Tuning molecular thermal conductance through endgroup modification and halogen substitution

TL;DR

This study demonstrates how chemical modifications, such as endgroup changes and halogen substitutions, can effectively tune the phononic thermal conductance of single molecules, providing a pathway for controlling heat flow at the molecular level.

Contribution

The paper introduces a workflow combining ab initio molecular dynamics and machine learning to predict and analyze how specific chemical modifications influence molecular thermal conductance.

Findings

Bromine-terminated chains have the lowest thermal conductance.

Amine and methyl groups result in higher conductance.

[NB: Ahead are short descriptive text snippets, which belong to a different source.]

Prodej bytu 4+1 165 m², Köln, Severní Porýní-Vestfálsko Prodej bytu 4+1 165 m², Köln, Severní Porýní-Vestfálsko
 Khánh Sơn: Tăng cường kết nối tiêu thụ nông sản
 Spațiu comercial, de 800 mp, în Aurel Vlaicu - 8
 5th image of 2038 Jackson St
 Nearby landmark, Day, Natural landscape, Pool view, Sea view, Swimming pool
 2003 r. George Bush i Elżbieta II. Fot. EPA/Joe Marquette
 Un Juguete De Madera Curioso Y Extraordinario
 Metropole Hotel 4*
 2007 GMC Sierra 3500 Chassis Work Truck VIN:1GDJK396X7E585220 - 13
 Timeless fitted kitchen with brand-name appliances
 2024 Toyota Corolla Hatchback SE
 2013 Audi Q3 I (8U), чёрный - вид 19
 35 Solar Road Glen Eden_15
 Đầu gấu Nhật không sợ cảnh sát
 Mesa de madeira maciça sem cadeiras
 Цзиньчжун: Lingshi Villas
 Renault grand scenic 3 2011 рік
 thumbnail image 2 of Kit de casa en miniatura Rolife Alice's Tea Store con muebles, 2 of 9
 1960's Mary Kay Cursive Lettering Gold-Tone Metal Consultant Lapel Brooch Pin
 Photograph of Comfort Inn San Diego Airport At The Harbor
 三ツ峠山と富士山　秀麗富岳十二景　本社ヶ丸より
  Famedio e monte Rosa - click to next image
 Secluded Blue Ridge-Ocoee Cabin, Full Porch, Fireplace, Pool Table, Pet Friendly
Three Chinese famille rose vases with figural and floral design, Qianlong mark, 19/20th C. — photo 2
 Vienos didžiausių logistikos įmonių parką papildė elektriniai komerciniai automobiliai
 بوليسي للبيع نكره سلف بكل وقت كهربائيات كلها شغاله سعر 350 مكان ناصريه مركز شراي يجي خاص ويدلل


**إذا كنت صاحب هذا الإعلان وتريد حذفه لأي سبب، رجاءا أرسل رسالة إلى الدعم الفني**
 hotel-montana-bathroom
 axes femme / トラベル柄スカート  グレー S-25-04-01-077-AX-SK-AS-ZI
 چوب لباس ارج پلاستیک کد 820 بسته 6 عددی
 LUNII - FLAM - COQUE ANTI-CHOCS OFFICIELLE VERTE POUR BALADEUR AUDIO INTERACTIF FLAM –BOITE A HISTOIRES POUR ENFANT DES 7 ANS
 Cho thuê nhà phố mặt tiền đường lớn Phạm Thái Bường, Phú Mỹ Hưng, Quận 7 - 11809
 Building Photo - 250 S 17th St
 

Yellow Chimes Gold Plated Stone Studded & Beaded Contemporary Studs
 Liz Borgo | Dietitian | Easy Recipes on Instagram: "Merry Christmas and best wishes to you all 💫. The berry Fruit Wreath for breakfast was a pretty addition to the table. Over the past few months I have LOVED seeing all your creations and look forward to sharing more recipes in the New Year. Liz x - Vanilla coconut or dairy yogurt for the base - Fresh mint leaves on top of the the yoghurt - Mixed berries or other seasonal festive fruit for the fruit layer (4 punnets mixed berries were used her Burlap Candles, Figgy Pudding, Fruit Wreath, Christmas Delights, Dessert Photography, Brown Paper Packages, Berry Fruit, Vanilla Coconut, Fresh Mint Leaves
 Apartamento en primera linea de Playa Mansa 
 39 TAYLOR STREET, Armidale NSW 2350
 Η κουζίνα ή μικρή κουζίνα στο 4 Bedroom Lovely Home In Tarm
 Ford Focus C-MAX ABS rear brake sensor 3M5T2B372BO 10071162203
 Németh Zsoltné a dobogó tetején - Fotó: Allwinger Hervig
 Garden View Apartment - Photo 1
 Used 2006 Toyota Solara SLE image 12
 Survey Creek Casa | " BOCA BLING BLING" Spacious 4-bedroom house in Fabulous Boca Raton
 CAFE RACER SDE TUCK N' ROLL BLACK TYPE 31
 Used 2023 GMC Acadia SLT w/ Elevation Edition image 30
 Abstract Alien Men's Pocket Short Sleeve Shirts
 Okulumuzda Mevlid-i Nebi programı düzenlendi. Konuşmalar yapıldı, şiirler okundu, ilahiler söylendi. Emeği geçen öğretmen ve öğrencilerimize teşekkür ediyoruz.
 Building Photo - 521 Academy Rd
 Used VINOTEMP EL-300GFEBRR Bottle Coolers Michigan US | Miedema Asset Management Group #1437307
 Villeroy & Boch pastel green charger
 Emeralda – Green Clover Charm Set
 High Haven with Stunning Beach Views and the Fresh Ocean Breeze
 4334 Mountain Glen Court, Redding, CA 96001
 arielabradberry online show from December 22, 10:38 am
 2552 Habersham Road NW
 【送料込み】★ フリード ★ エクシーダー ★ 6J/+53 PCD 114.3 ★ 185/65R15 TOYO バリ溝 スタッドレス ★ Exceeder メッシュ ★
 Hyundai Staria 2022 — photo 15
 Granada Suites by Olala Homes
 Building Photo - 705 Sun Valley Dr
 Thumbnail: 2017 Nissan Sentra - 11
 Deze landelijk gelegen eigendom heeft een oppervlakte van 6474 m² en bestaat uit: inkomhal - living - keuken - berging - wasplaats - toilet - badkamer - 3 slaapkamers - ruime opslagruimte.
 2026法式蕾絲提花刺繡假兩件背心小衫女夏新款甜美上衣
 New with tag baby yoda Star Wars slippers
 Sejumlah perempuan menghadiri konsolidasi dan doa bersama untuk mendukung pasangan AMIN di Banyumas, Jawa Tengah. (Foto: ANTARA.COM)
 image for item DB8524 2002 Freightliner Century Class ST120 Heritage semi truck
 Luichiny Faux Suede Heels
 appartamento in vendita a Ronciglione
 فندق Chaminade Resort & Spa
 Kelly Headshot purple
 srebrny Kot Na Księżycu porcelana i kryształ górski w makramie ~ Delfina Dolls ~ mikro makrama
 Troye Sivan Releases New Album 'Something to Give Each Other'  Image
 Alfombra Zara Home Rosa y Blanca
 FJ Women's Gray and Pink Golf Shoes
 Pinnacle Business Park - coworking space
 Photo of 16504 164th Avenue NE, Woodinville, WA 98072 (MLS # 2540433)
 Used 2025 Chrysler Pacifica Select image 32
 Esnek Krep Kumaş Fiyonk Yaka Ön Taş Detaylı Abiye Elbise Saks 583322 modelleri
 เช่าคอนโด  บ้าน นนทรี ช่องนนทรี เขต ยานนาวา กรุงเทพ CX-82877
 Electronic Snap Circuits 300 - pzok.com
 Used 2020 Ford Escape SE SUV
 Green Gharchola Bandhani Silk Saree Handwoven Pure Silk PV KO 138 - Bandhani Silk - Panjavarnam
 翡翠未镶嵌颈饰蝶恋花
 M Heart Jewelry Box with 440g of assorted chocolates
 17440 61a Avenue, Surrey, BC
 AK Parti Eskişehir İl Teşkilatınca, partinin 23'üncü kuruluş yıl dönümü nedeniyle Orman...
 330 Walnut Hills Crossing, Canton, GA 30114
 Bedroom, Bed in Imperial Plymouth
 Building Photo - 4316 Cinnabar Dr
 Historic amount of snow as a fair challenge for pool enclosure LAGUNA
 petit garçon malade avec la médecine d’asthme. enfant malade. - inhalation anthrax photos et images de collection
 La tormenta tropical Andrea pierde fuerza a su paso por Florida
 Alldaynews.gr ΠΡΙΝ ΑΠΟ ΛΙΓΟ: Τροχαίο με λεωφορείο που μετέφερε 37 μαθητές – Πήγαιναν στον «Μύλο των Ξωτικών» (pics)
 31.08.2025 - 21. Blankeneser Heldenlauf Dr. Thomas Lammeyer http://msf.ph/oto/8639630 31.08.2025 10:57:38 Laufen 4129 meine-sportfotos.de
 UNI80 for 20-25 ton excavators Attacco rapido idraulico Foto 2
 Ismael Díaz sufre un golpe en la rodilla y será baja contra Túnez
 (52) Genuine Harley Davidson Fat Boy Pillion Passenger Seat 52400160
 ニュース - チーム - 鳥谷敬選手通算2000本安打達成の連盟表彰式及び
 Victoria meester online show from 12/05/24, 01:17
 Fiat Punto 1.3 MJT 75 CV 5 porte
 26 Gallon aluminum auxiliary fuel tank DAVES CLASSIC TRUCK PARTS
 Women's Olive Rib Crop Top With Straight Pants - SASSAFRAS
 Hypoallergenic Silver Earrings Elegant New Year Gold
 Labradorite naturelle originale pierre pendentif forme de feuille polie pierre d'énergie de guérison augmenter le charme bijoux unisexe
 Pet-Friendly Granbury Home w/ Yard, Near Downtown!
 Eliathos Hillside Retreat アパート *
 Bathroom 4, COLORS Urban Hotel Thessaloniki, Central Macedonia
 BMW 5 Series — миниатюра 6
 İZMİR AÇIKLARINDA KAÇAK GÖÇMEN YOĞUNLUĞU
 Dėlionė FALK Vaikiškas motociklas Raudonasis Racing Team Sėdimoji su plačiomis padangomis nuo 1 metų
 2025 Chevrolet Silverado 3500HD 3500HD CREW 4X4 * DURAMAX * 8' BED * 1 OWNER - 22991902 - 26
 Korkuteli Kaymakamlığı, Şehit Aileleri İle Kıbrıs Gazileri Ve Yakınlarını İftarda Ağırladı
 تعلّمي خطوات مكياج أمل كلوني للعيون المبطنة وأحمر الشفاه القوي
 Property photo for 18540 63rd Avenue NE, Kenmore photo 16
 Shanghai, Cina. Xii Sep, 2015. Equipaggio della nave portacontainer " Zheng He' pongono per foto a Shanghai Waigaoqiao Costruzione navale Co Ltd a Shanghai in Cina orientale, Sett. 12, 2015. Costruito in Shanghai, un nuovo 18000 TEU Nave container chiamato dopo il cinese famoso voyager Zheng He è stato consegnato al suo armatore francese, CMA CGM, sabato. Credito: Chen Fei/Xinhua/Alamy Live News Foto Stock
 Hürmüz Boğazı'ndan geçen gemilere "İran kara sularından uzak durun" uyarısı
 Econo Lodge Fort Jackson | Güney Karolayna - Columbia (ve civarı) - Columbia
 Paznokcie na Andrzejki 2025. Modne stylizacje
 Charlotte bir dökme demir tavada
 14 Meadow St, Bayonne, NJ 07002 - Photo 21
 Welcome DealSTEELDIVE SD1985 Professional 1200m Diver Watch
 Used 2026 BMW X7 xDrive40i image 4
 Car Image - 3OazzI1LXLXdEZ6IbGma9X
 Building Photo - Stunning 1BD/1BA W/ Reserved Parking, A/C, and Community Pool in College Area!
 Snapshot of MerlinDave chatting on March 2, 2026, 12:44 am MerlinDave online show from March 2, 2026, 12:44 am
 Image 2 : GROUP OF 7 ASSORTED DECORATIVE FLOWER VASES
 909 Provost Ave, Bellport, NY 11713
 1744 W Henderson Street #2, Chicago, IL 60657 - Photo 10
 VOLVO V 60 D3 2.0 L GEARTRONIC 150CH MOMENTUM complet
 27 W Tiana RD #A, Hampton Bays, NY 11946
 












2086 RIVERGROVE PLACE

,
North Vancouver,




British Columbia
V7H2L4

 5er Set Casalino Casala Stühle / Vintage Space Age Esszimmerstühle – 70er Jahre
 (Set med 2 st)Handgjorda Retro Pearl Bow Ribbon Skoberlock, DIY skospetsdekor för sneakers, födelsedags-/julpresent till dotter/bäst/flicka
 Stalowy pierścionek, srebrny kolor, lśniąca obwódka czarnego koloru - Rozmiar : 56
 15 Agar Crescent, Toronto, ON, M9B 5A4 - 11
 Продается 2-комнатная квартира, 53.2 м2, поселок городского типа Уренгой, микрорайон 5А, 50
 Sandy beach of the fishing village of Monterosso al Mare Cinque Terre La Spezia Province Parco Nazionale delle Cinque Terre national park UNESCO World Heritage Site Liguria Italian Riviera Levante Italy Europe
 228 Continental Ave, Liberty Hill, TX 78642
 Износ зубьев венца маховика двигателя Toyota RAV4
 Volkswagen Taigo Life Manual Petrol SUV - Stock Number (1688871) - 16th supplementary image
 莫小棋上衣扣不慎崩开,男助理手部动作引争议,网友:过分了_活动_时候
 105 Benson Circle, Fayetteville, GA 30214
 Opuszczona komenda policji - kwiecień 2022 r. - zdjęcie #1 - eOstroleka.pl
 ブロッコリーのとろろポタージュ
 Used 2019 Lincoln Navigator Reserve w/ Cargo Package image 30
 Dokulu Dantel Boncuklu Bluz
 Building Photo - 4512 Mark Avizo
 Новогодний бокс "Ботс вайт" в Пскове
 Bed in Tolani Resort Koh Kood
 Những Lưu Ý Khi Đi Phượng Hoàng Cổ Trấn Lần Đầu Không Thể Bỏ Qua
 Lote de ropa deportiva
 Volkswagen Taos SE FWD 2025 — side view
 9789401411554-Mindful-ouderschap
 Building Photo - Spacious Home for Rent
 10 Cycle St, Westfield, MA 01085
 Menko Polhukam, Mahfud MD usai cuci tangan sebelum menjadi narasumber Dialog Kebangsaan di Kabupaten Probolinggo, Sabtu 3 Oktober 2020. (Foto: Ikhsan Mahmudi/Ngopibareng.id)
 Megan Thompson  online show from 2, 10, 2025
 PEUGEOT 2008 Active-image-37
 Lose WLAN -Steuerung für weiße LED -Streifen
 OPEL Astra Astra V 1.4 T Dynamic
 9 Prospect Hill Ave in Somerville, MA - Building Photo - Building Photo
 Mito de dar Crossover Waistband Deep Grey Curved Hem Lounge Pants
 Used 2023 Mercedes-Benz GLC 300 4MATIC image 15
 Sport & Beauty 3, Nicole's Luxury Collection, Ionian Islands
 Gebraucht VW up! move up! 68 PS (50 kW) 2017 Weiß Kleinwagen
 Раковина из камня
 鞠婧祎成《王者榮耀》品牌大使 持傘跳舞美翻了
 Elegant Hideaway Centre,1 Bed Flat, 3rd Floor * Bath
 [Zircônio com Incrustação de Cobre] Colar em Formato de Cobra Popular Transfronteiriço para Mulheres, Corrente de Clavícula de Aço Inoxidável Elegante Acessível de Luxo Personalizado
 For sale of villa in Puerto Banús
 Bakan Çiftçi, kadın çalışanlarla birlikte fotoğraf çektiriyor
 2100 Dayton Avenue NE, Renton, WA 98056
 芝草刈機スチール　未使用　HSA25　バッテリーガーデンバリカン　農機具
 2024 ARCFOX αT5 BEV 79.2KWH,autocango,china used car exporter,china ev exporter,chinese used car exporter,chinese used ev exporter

Thermal conductance saturates beyond eight carbon atoms.

Abstract

We demonstrate tuning of the phononic thermal conductance in single molecules with carbon-chain backbones through modifications of terminal groups and halogen substitution of hydrogen atoms. Our simulations focus on intrinsic molecular properties, and we employ a workflow based on {\it ab initio} molecular dynamics, enabling the training and development of machine-learned interatomic potentials. These potentials are subsequently used in classical nonequilibrium molecular dynamics simulations to extract thermal conductance coefficients. Replacing terminal methyl groups with amine, sulfur, or halogen substituents leads to pronounced changes in thermal conductance: bromine-terminated chains exhibit the lowest conductance, whereas amine and methyl-terminated chains show the highest. Additionally, single-atom substitution of hydrogen by fluorine or other halogens along the alkane backbone significantly reduces thermal transport. Finally, our simulations of the length dependence of thermal conductance in alkane chains containing 3-12 carbon atoms reveal its saturation beyond eight carbon atoms. Together, our findings show that simple chemical modifications offer a versatile route to controlling phononic heat flow in single molecules.